Problem statement - From the line that holds "No peeing here (funny) 0:00" down to the last line of the listing below, reproduce each line exactly and nothing more, omitting pictures.

[[ Records for this exercise, beginning ]]

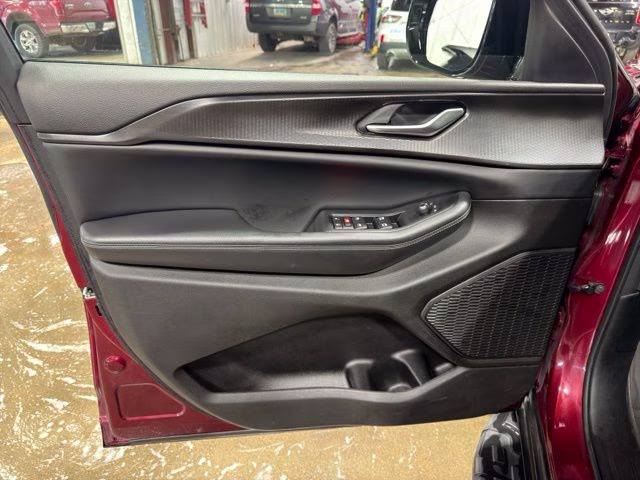 2023 Velvet Red Pearlcoat Jeep Grand Cherokee L Altitude 4X4 SUV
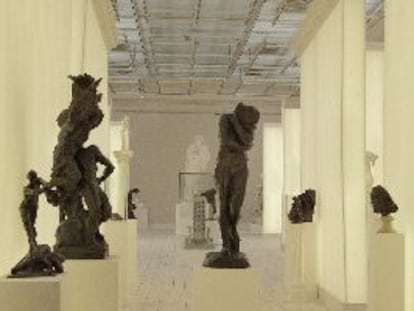 Aspecto de la exposición de Auguste Rodin en el Museo de Luxemburgo, con la escultura <b></b><i>Eva </i>en el centro.
Detalle de <b></b><i>Eva</i>.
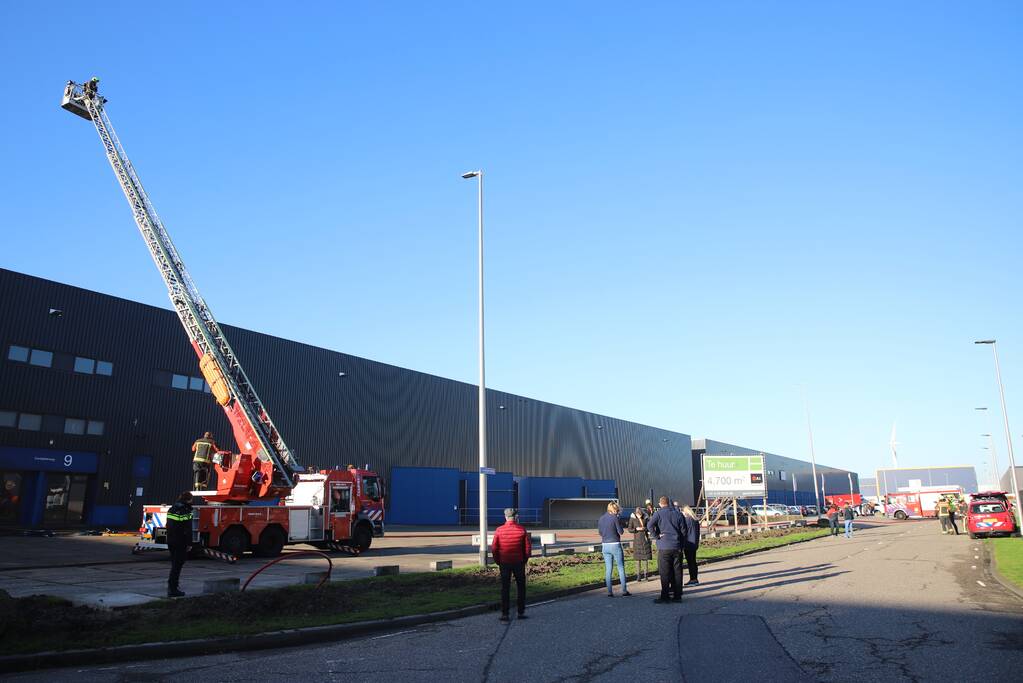Brand in bedrijfsverzamelgebouw op Distripark Doelwijk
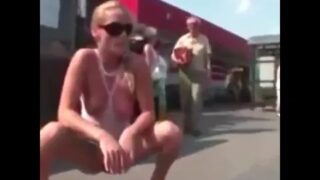 No peeing here (funny) 0:00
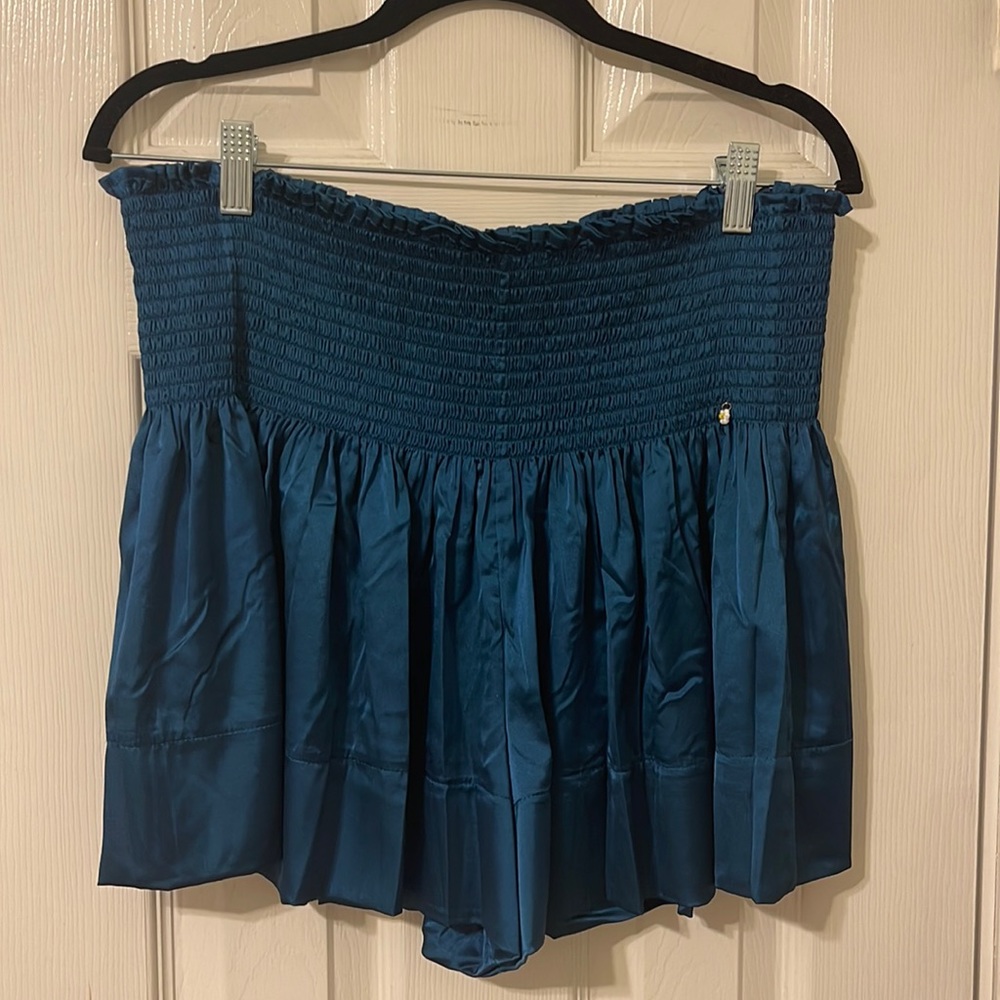 NWT Natural Life shorts! (KOCH DUPE)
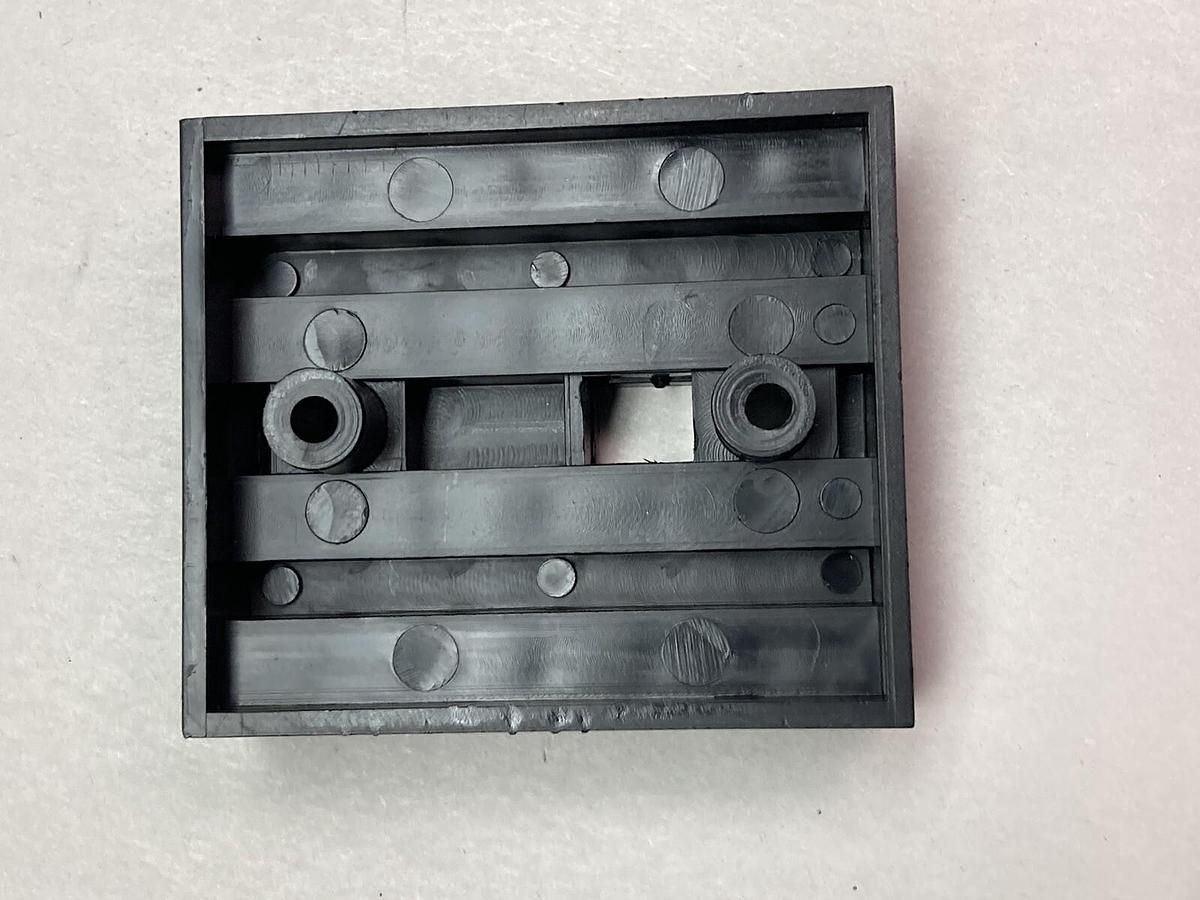 Electro Corporation,58390,Relay Socket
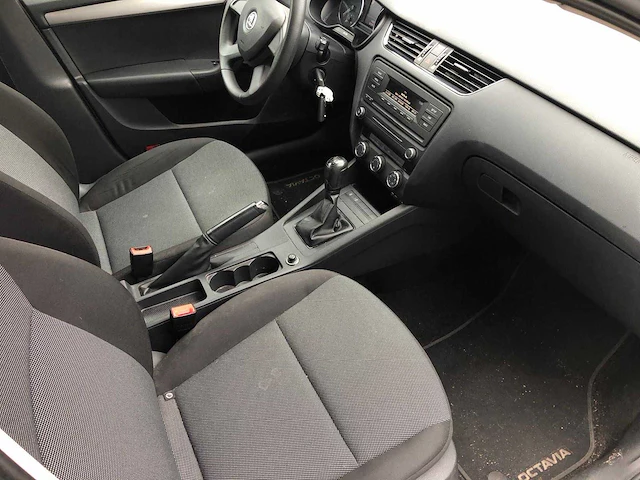 2013 skoda octavia personenauto - afbeelding 2 van  13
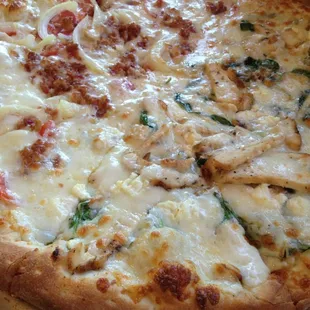 Alfredo Bacon and Goat Cheese Pizza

[[ Records for this exercise, end ]]

Response area -
 No peeing here (funny) 0:00
 NWT Natural Life shorts! (KOCH DUPE)
 Electro Corporation,58390,Relay Socket
 2013 skoda octavia personenauto - afbeelding 2 van  13
 Alfredo Bacon and Goat Cheese Pizza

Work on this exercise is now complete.